Tetrachloroethene (PCE) and trichloroethene (TCE) are common groundwater contaminants that also impact tidal flats, especially near urban and industrial areas. However, very little is known about dechlorinating microbial communities in tidal flats. Titanium pyrosequencing, 16S rRNA gene clone libraries, and dechlorinator-targeted quantitative real-time PCR (qPCR) characterized reductive dechlorinating activities and populations in tidal flat sediments collected from South Korea's central west coast near Kangwha.

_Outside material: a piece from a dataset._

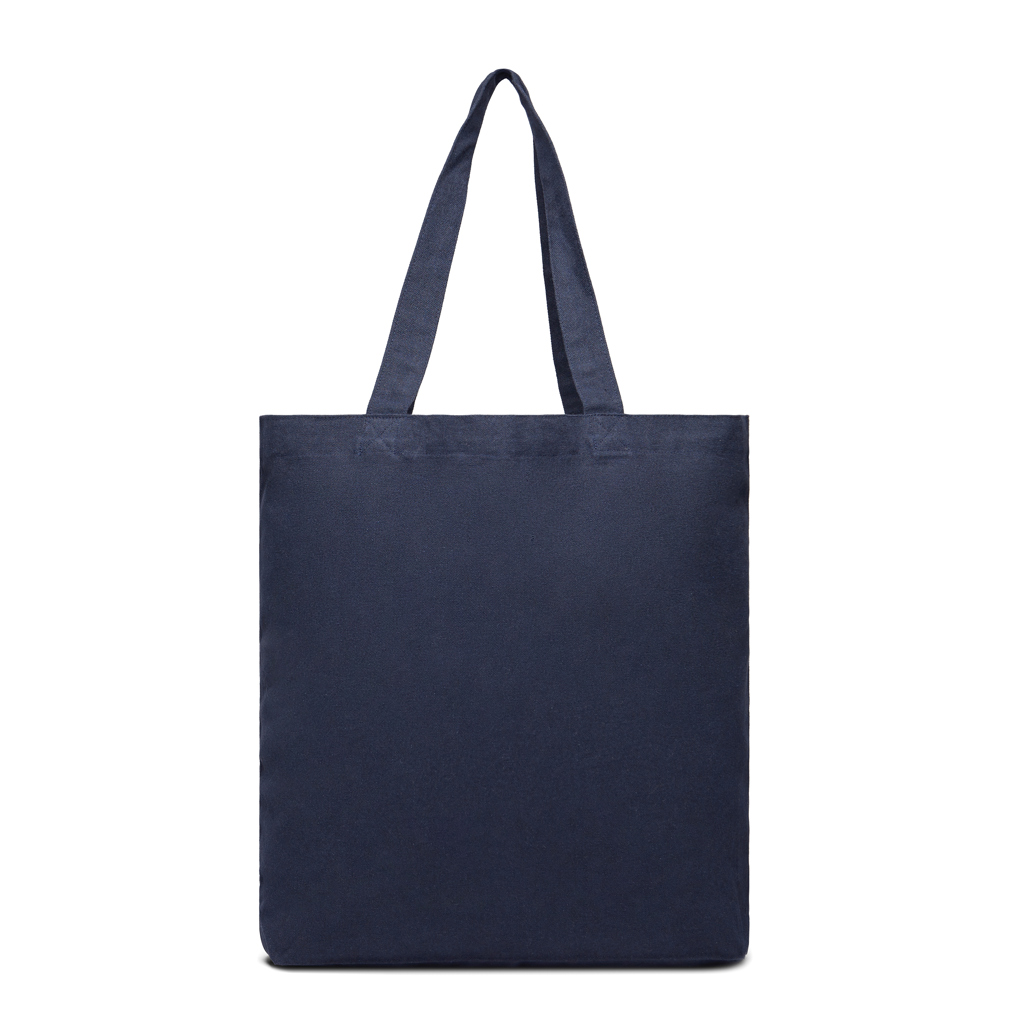 Bolsa VINGA Hilo de lona reciclada  AWARE™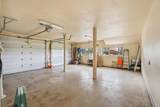 22560 Adobe Road - Photo 32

In microcosms established with surface sediments, PCE dechlorination to TCE began within 10 days and 100% of the initial amount of PCE was converted to TCE after 37 days. cis-1,2-Dichloroethene (cis-DCE) was observed as dechlorination end product in microcosms containing sediments collected from deeper zones (i.e., 35-40 cm below ground surface). Pyrosequencing of bacterial 16S rRNA genes and 16S rRNA gene-targeted qPCR results revealed Desulfuromonas michiganensis-like populations predominanted in both TCE and cis-DCE producing microcosms. Other abundant groups included Desulfuromonas thiophila and Pelobacter acidigallici-like populations in the surface sediment microcosms, and Desulfovibrio dechloracetivorans and Fusibacter paucivorans-like populations in the deeper sediment microcosms. Dehalococcoides spp. populations were not detected in these sediments before and after incubation with PCE. The results suggest that tidal flats harbor novel, salt-tolerant dechlorinating populations and that titanium pyrosequencing provides more detailed insight into community structure dynamics of the dechlorinating microcosms than conventional 16S rRNA gene sequencing or fingerprinting methods.